■ Directions:
The result should hold only the lines from the one with "Dusty Blue Alphabetical" through the final line of the data below, transcribed exactly, pictures left out.

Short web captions

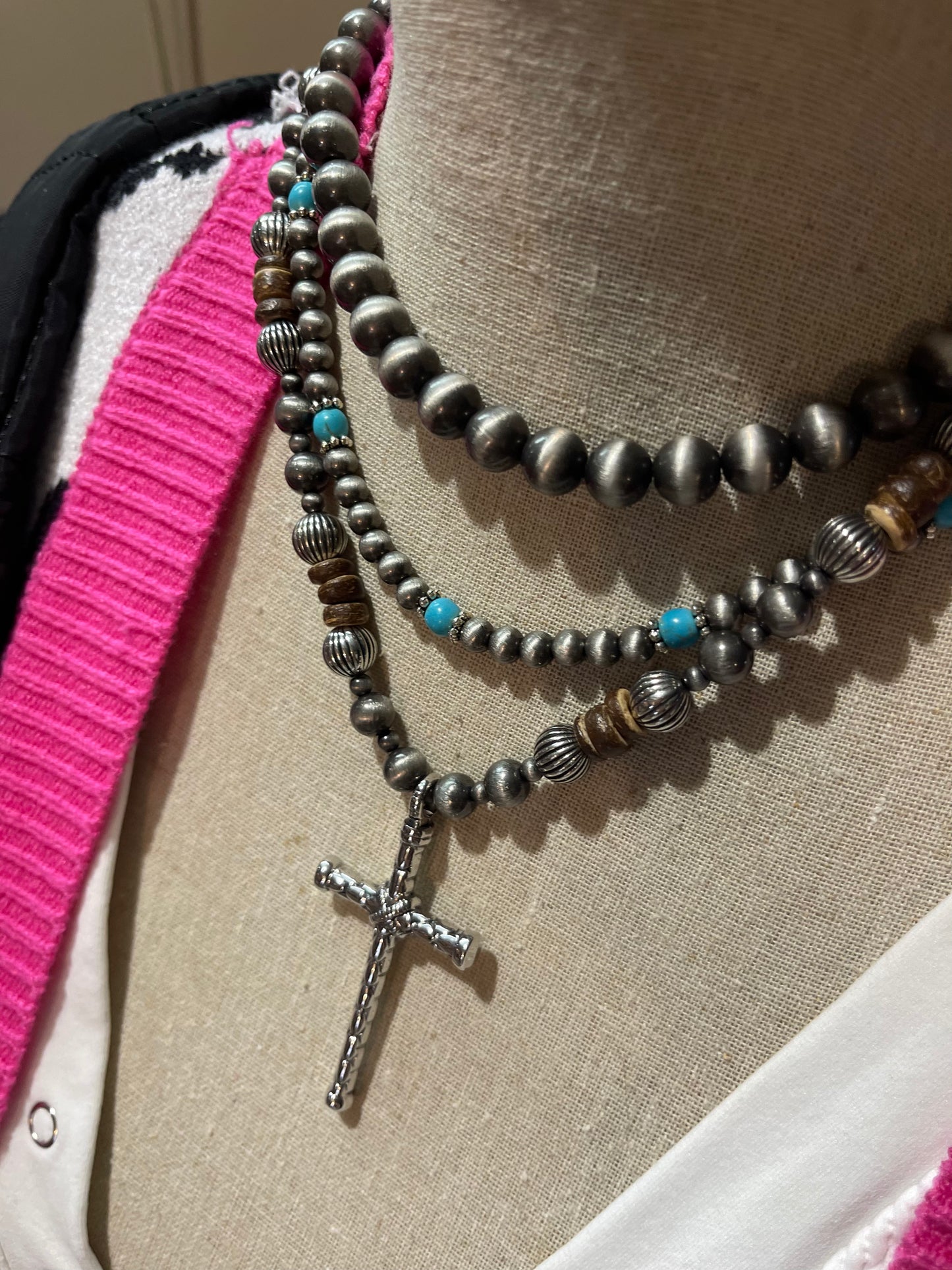Turquoise Stacked Cross Necklace Set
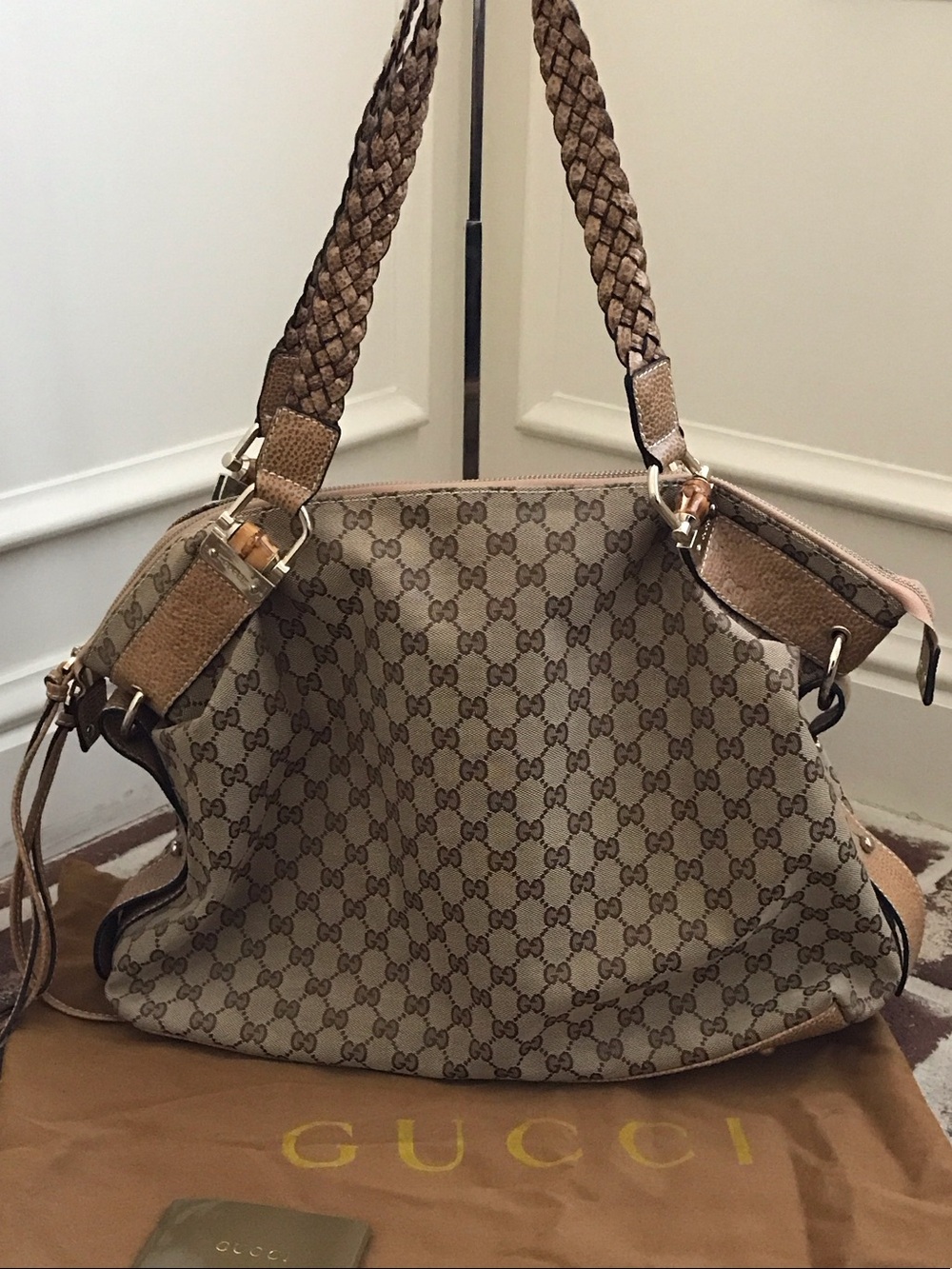 Large Brown/Tan GG Canvas Braided-Handle Shoulder Bag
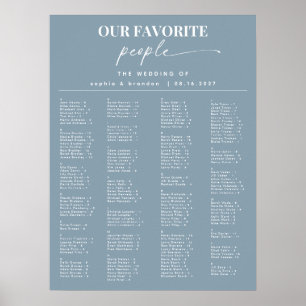 Dusty Blue Alphabetical Bröllop Seating Chart Poster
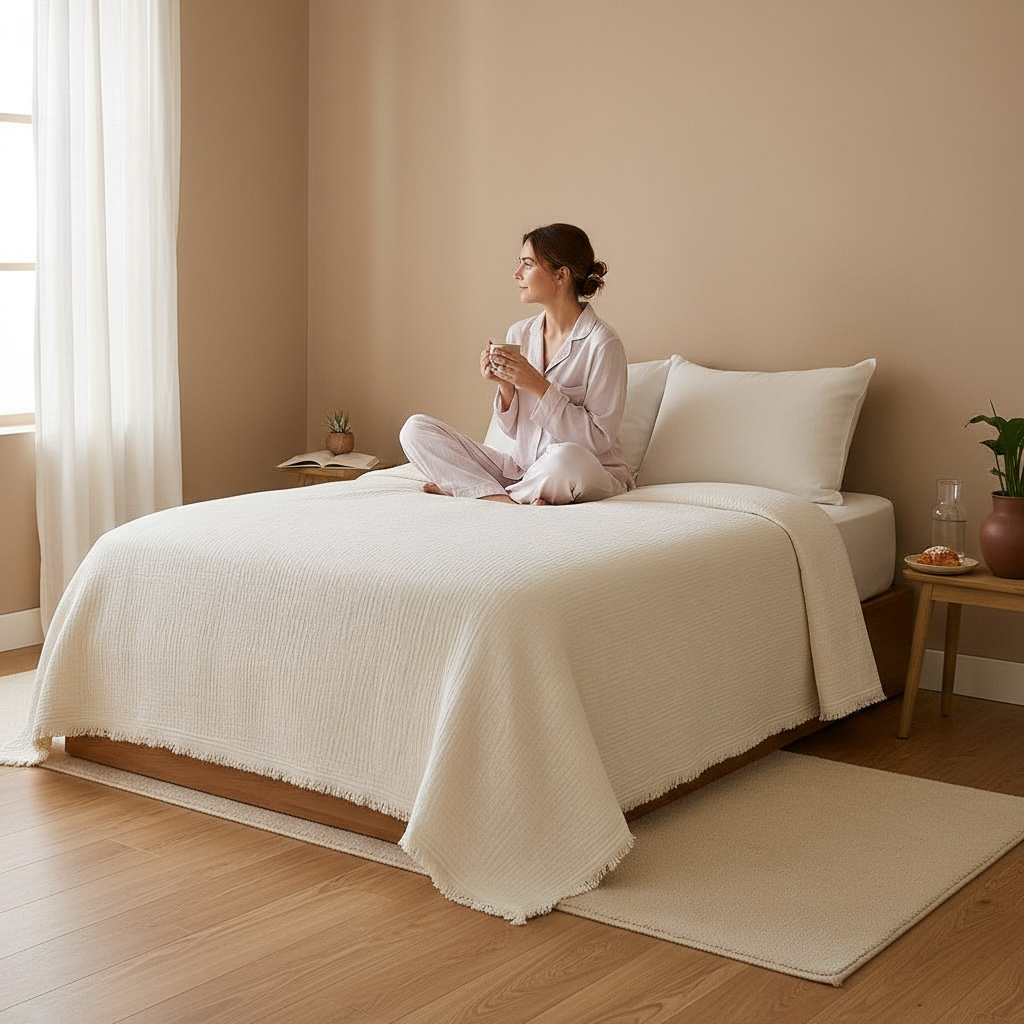 Bulut Dokunuşu – 4 Kat Müslin & 3 Kat Elyaf Yatak Örtüsü / Yorgan (230x240 cm)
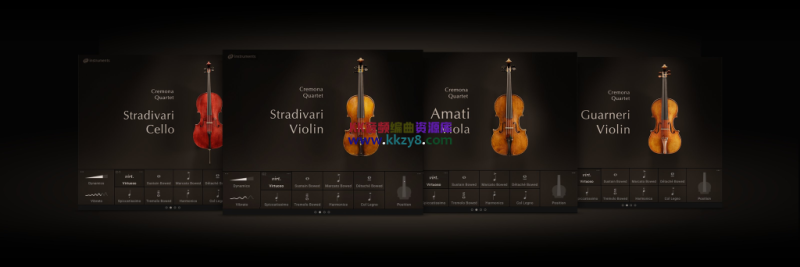 弦乐四重奏合集!Native Instruments Cremona Quartet v1.3.0 (Guarneri & Stradivari Violin, Amati Viola, Stradivari Cello )KONTAKT-KK音频资源网
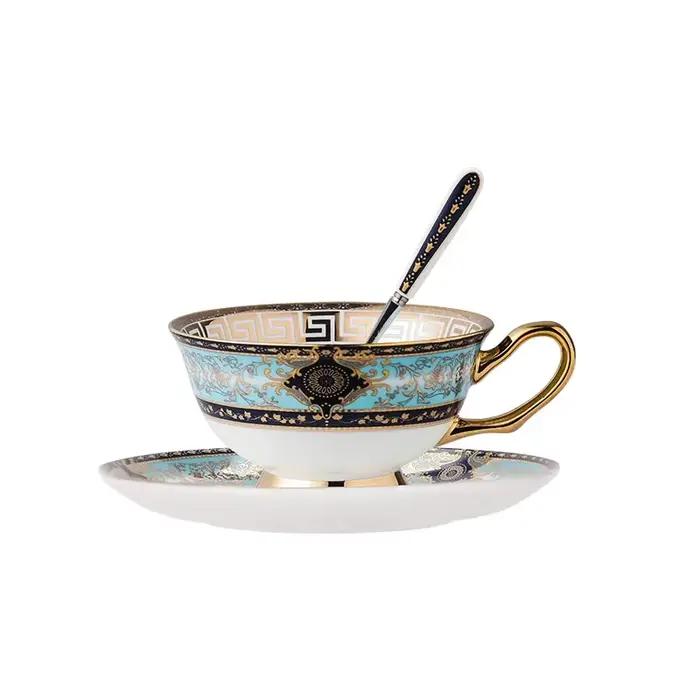 Tasses à café en céramique Sophia China motif européen style léger luxe rétro cuillère incluse plateau pour usage quotidien cadeau pour occasions spéciales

■ Solution for this exercise:
 Dusty Blue Alphabetical Bröllop Seating Chart Poster
 Bulut Dokunuşu – 4 Kat Müslin & 3 Kat Elyaf Yatak Örtüsü / Yorgan (230x240 cm)
 弦乐四重奏合集!Native Instruments Cremona Quartet v1.3.0 (Guarneri & Stradivari Violin, Amati Viola, Stradivari Cello )KONTAKT-KK音频资源网
 Tasses à café en céramique Sophia China motif européen style léger luxe rétro cuillère incluse plateau pour usage quotidien cadeau pour occasions spéciales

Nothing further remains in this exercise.